Caught in between a ruthless president and an ambitious deputy president, the Garissa Town MP must also balance the interests of his overly divided troops. At the Tuesday meet, President Uhuru Kenyatta is said to have washed his hands off Duale and asked MPs to do with him as they wished. Towards this end, some of them were yesterday contemplating collecting signatures with the aim of kicking him out.
But Duale himself is unmoved -- chest-thumping that it is his credentials that will see him retain the post. “Wisdom dictated that Jubilee retained Duale to the position. We may sit on different sides in the House and even differ on some matters, but I can tell you that Duale is committed, passionate and effective in his work,” Minority Deputy Whip Dr Chris Wamalwa says.
Duale has not only been the face of the party in the National Assembly, but has often appeared as the de-facto leader of government in Parliament, overshadowing his colleague in the Senate. Essentially, he has been the face of Jubilee in the whole institution of Parliament.
He has come a long way with Deputy President William Ruto. The pair was kicked out of ODM and hounded out of the Grand Coalition Government 2007-13 when they formed United Republican Party (URP). But they equally hit it off with Kenyatta when he partnered with Ruto to win the 2013 presidential vote.
By and large, the sponsored government agenda in the House has passed under his watch. This is unlike his immediate former counterpart in the Senate, Elgeyo Marakwet Senator Kipchumba Murkomen, who at times appeared critical of some government agenda, including those with the president’s blessings.

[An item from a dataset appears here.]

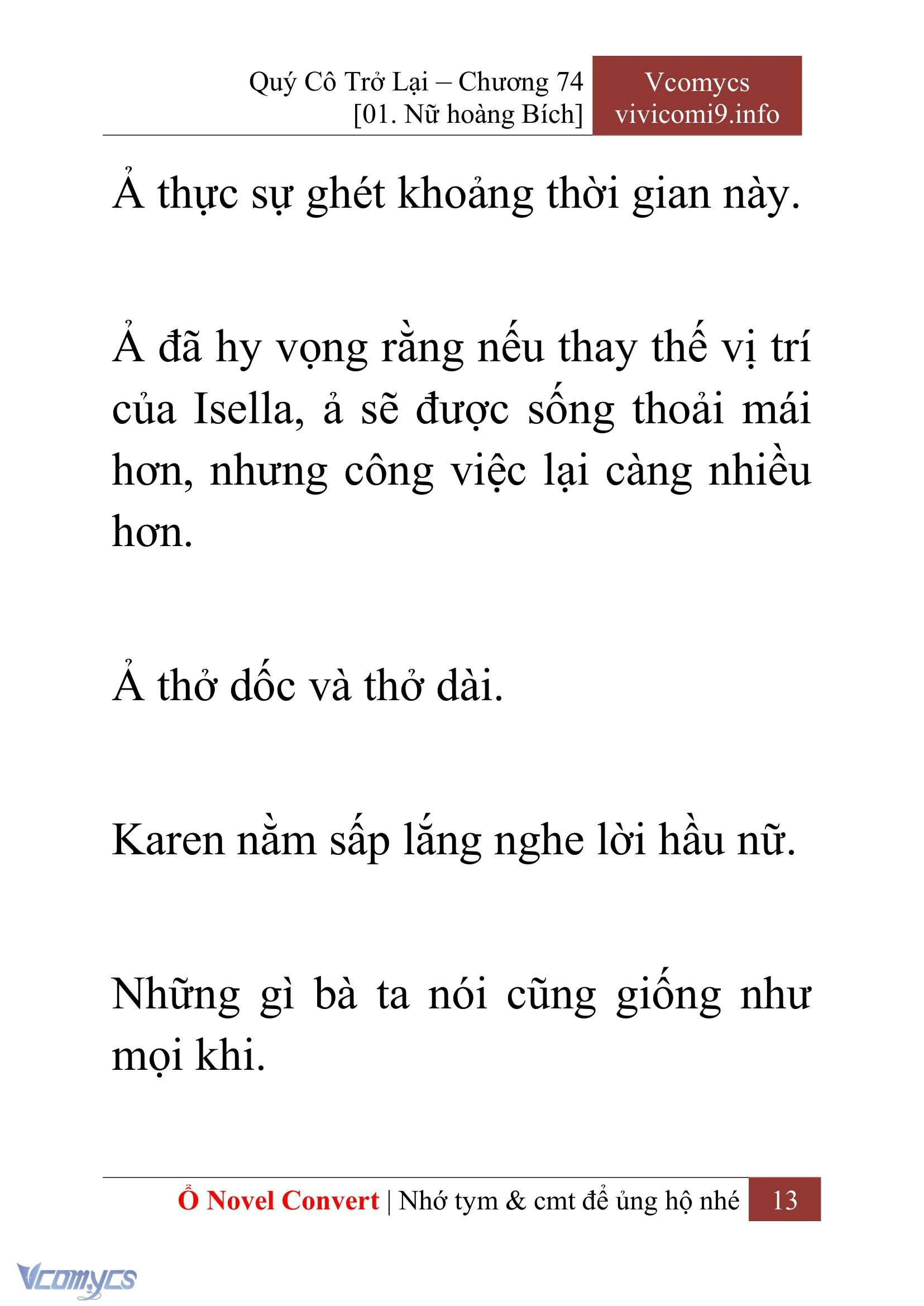 [Novel] Quý Cô Trở Lại Chapter  74 - 15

Nevertheless, Duale has faltered on few occasions, with some government nominees -- case in point Mwindi Mwinzi’s ambassadorial nomination -- falling under the force of his weight, and in the name of national interests.
But he has compensated for those occasional lapses with unwavering loyalty and commitment to parliamentary business. Even when the most critical business has been dispensed with and many legislators taken their leave, Duale sticks around, just in case.

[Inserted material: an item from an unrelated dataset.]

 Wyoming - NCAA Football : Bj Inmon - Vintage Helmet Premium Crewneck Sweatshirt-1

So much so that few remember he has an able deputy in Kitutu Chache North MP, Jimmy Angwenyi. On the floor of the House, Duale, in his characteristic jest, has told off Jubilee MPs, often insisting that he did not recognise any of the factions, as his interests was to push through the Jubilee agenda “as channeled to me by the party leader Uhuru Kenyatta and Ruto”.
This tactful assertion has always silenced even his most critical opponents who would normally want to associate him with the Tanga Tanga wing. It has also ensured that he commands the respect of not only the members of both wings of the Jubilee divide, but also a good number of the Opposition MPs, going by the large numbers that flock his office.
In a recent interview with this reporter, Duale appeared to have a strong faith that his “sterling” performance as the Jubilee leader in the House would win him the faith of the president and his deputy to continue serving in the capacity, even as talk of his ouster was being amplified by a section of the Kieleweke group.
“I would say I have done a sterling job,” he said.
These attributes explain why it might have been difficult to replace the workaholic Duale at a time when Jubilee still requires that ammunition to push through its agenda in the House.